In some embodiments, a position of showerhead 606 may be adjusted relative to pedestal 608 to vary a volume between the substrate 612 and the showerhead 606. Further, it will be appreciated that a vertical position of pedestal 608 and/or showerhead 606 may be varied by any suitable mechanism within the scope of the present disclosure. In some embodiments, pedestal 608 may include a rotational axis for rotating an orientation of substrate 612. It will be appreciated that, in some embodiments, one or more of these example adjustments may be performed programmatically by one or more suitable computer controllers 650.

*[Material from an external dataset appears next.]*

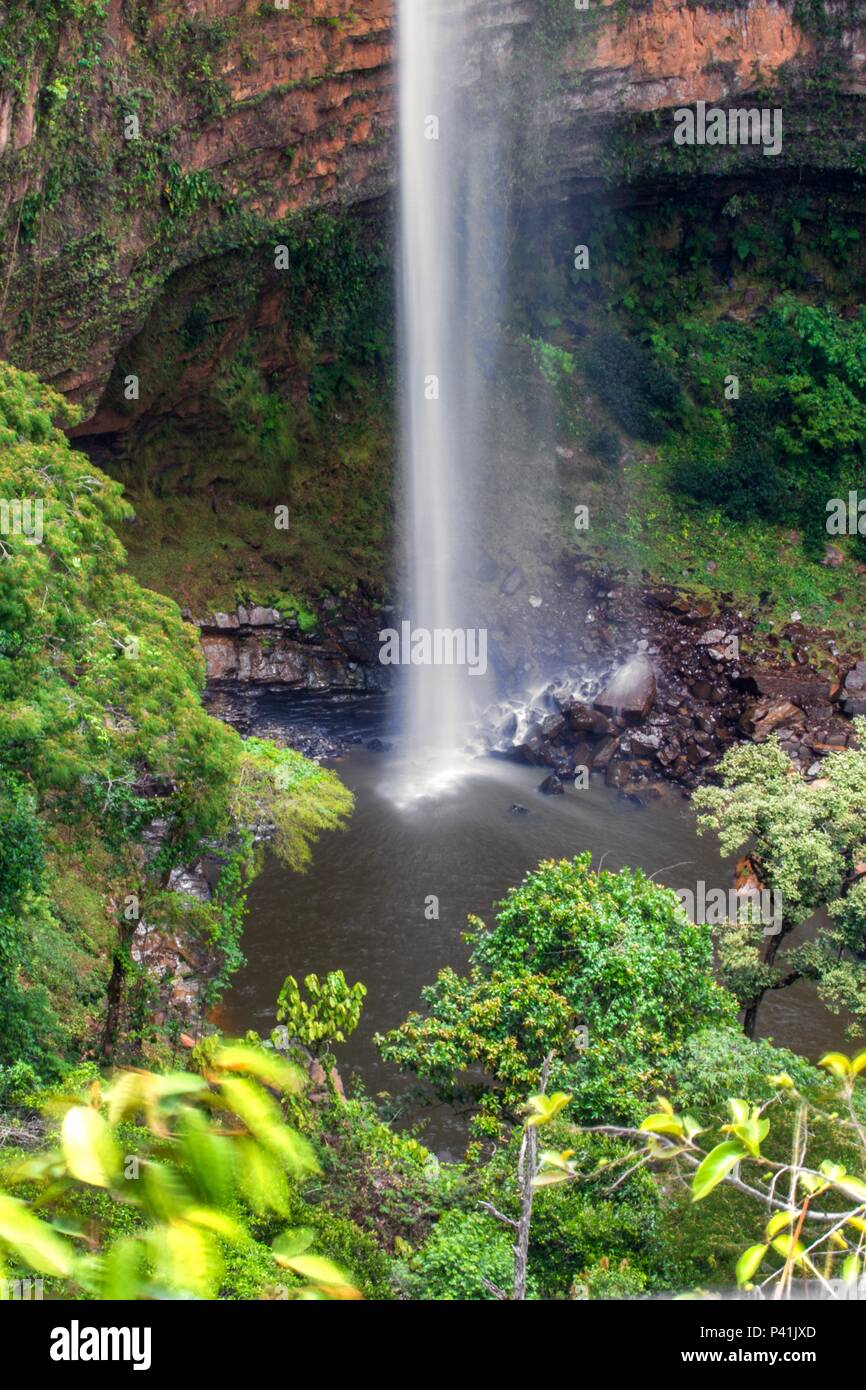 Chapada Guimarães MT Véu de Noiva Cachoeira cachoeira do Véu de Noiva formada pelo Rio Coxipó Chapada Guimarães MT Véu de Noiva Cachoeira cachoeira do Véu de Noiva formada pelo Rio Coxipó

In some embodiments where plasma may be used for PECVD or PEALD, showerhead 606 and pedestal 608 electrically communicate with a radio frequency (RF) power supply 614 and matching network 616 for powering a plasma. In some embodiments, the plasma energy may be controlled by controlling one or more of a process station pressure, a gas concentration, an RF source power, an RF source frequency, and a plasma power pulse timing. For example, RF power supply 614 and matching network 616 may be operated at any suitable power to form a plasma having a desired composition of radical species. Likewise, RF power supply 614 may provide RF power of any suitable frequency. In some embodiments, RF power supply 614 may be configured to control high- and low-frequency RF power sources independently of one another. Example low-frequency RF frequencies may include, but are not limited to, frequencies between 0 kHz and 900 kHz. Example high-frequency RF frequencies may include, but are not limited to, frequencies between 1.8 MHz and 2.45 GHz, or greater than about 13.56 MHz, or greater than 27 MHz, or greater than 80 MHz, or greater than 60 MHz. It will be appreciated that any suitable parameters may be modulated discretely or continuously to provide plasma energy for the surface reactions.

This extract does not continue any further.